Valpolicella Classico, the simplest category, is where the region’s top values are found and resembles in style light and fruity Beaujolais. The next tier of reds, called Valpolicella Superiore, represents a darker and more serious and concentrated expression of Valpolicella, capable of pairing with red meat, roast poultry and hard cheeses.
Most prestigious in Valpolicella are the dry red, Amarone della Valpolicella, and its sweet counterpart, Recioto della Valpolicella. Both are created from harvested grapes left to dry for three to five months before going to press, resulting in intensely rich, lush, cerebral and cellar-worthy wines.

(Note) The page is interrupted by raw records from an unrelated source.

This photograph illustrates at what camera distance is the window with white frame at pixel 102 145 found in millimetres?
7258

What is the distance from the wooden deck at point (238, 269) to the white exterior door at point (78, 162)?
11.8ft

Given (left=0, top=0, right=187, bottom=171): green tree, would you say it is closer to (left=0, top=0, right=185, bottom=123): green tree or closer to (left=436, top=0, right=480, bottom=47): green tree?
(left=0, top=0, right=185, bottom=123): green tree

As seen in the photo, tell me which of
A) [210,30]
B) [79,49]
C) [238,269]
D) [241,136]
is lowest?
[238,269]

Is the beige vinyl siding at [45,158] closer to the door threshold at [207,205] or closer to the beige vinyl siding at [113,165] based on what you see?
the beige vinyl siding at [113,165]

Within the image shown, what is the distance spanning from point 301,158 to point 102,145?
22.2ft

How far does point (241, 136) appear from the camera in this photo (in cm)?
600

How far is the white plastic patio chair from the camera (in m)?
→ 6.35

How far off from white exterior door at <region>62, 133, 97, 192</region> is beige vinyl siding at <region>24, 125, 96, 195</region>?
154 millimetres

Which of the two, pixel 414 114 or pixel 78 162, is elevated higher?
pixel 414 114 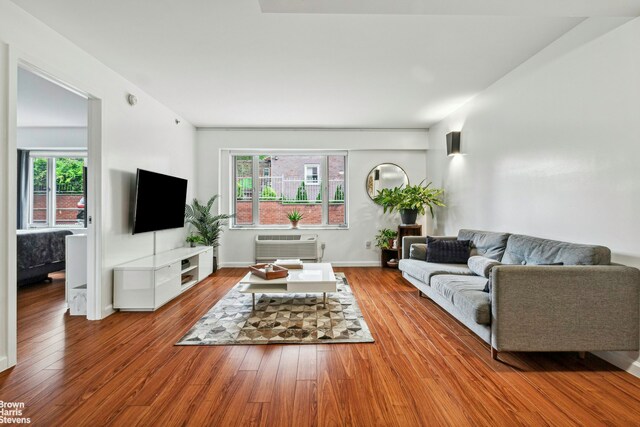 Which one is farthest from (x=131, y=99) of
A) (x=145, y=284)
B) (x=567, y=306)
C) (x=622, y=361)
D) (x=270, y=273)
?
(x=622, y=361)

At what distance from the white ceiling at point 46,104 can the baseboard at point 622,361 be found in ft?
19.1

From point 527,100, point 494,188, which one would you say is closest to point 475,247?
point 494,188

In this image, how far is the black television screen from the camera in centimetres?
377

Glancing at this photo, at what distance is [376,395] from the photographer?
193 cm

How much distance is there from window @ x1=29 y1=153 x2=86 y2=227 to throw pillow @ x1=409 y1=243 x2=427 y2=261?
235 inches

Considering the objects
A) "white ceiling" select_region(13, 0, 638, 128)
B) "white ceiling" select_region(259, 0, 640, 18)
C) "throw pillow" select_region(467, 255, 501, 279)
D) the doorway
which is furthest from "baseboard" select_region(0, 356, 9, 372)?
"throw pillow" select_region(467, 255, 501, 279)

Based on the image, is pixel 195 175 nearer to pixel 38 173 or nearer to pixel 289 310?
pixel 38 173

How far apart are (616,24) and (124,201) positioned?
4.71 m

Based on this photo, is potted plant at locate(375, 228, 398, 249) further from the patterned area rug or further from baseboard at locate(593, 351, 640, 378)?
baseboard at locate(593, 351, 640, 378)

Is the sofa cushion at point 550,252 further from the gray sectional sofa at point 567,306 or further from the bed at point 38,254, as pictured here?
the bed at point 38,254

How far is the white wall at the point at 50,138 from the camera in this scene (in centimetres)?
588

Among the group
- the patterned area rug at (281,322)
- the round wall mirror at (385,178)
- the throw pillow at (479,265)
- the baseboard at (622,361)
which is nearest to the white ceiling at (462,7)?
the throw pillow at (479,265)

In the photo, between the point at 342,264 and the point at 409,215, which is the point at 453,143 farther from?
the point at 342,264

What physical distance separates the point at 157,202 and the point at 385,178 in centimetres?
392
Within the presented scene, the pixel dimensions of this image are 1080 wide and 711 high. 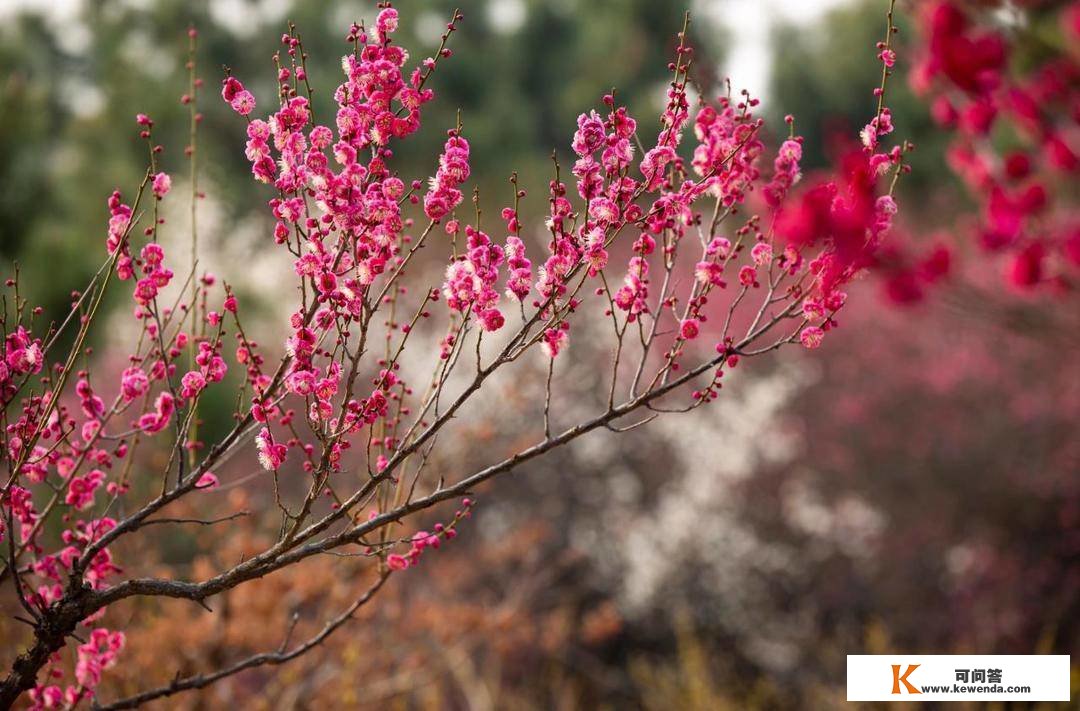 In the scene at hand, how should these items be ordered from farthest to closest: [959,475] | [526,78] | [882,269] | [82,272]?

Falling in between Valpolicella Superiore and Amarone is a style called Valpolicella Ripasso, which has become immensely popular only since the turn of the century. Ripasso literally means “repassed” and is made by macerating fresh Valpolicella on the pressed grape skins of Amarone. As a result, a Ripasso will have more depth and complexity compared to a regular Superiore but is more approachable than an Amarone.
With hundreds of red grape varieties to choose from, winemakers have the freedom to create a virtually endless assortment of blended red wines. In many European regions, strict laws are in place determining the set of varieties that may be used, but in the New World, experimentation is permitted and encouraged resulting in a wide variety of red wine styles. Blending can be utilized to enhance balance or create complexity, lending different layers of flavors and aromas. For example, a red wine blend variety that creates a fruity and full-bodied wine would do well combined with one that is naturally high in acidity and tannins. Sometimes small amounts of a particular variety are added to boost color or aromatics. Blending can take place before or after fermentation, with the latter, more popular option giving more control to the winemaker over the final qualities of the wine.
How to Serve Red Wine
A common piece of advice is to serve red wine at “room temperature,” but this suggestion is imprecise. After all, room temperature in January is likely to be quite different than in August, even considering the possible effect of central heating and air conditioning systems. The proper temperature to aim for is 55° F to 60° F for lighter-bodied reds and 60° F to 65° F for fuller-bodied wines.
How Long Does Red Wine Last?
Once opened and re-corked, a bottle stored in a cool, dark environment (like your fridge) will stay fresh and nicely drinkable for a day or two. There are products available that can extend that period by a couple of days. As for unopened bottles, optimal storage means keeping them on their sides in a moderately humid environment at about 57° F. Red wines stored in this manner will stay good – and possibly improve – for anywhere from one year to multiple decades. Assessing how long to hold on to a bottle is a complicated science. If you are planning long-term storage of your reds, seek the advice of a wine professional.